• Required action: Reproduce exactly the lines of the material beneath, from the line that contains "For Sale: $280,000" to the line that contains "Lauren Cohan photo 20 of 433", both included, and no other lines.
[[ Dataset records open ]]
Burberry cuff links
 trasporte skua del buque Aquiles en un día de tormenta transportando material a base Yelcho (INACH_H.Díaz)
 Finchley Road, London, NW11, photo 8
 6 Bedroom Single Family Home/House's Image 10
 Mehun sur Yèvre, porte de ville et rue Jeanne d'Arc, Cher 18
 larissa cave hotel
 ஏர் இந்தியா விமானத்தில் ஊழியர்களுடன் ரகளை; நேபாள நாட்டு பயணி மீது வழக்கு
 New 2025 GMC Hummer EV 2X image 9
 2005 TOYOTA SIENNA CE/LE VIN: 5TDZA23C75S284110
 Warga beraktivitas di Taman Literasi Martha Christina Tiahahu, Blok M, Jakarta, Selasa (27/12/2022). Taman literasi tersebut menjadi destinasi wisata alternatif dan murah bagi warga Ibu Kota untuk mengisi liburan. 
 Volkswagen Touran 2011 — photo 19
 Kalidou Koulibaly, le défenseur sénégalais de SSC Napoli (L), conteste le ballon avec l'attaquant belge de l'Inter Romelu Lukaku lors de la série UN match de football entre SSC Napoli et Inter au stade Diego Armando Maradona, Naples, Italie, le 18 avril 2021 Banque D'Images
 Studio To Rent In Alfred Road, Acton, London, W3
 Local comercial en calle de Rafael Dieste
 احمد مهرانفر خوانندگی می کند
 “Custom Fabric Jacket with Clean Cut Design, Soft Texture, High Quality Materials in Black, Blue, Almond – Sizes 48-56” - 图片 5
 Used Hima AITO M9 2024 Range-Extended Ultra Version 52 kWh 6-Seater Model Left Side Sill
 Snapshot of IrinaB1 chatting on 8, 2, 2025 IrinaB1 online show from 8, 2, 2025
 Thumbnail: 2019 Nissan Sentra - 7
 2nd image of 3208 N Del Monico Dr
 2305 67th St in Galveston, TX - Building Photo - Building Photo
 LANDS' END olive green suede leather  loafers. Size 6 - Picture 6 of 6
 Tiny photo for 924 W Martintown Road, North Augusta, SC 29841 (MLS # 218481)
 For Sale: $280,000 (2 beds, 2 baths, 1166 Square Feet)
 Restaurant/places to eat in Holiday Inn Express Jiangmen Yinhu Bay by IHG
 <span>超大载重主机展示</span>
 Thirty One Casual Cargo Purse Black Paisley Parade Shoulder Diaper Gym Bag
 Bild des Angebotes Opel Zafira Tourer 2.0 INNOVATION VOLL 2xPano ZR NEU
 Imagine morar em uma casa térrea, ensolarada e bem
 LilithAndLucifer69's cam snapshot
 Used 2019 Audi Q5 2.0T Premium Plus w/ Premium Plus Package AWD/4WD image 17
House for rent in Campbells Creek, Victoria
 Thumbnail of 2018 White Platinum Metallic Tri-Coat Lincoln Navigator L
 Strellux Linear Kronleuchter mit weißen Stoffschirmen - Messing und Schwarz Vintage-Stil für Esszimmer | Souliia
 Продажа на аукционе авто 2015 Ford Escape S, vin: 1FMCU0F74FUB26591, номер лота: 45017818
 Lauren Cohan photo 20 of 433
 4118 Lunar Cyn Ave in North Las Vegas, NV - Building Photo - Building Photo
[[ Dataset records closed ]]
• Exercise result:
 For Sale: $280,000 (2 beds, 2 baths, 1166 Square Feet)
 Restaurant/places to eat in Holiday Inn Express Jiangmen Yinhu Bay by IHG
 <span>超大载重主机展示</span>
 Thirty One Casual Cargo Purse Black Paisley Parade Shoulder Diaper Gym Bag
 Bild des Angebotes Opel Zafira Tourer 2.0 INNOVATION VOLL 2xPano ZR NEU
 Imagine morar em uma casa térrea, ensolarada e bem
 LilithAndLucifer69's cam snapshot
 Used 2019 Audi Q5 2.0T Premium Plus w/ Premium Plus Package AWD/4WD image 17
House for rent in Campbells Creek, Victoria
 Thumbnail of 2018 White Platinum Metallic Tri-Coat Lincoln Navigator L
 Strellux Linear Kronleuchter mit weißen Stoffschirmen - Messing und Schwarz Vintage-Stil für Esszimmer | Souliia
 Продажа на аукционе авто 2015 Ford Escape S, vin: 1FMCU0F74FUB26591, номер лота: 45017818
 Lauren Cohan photo 20 of 433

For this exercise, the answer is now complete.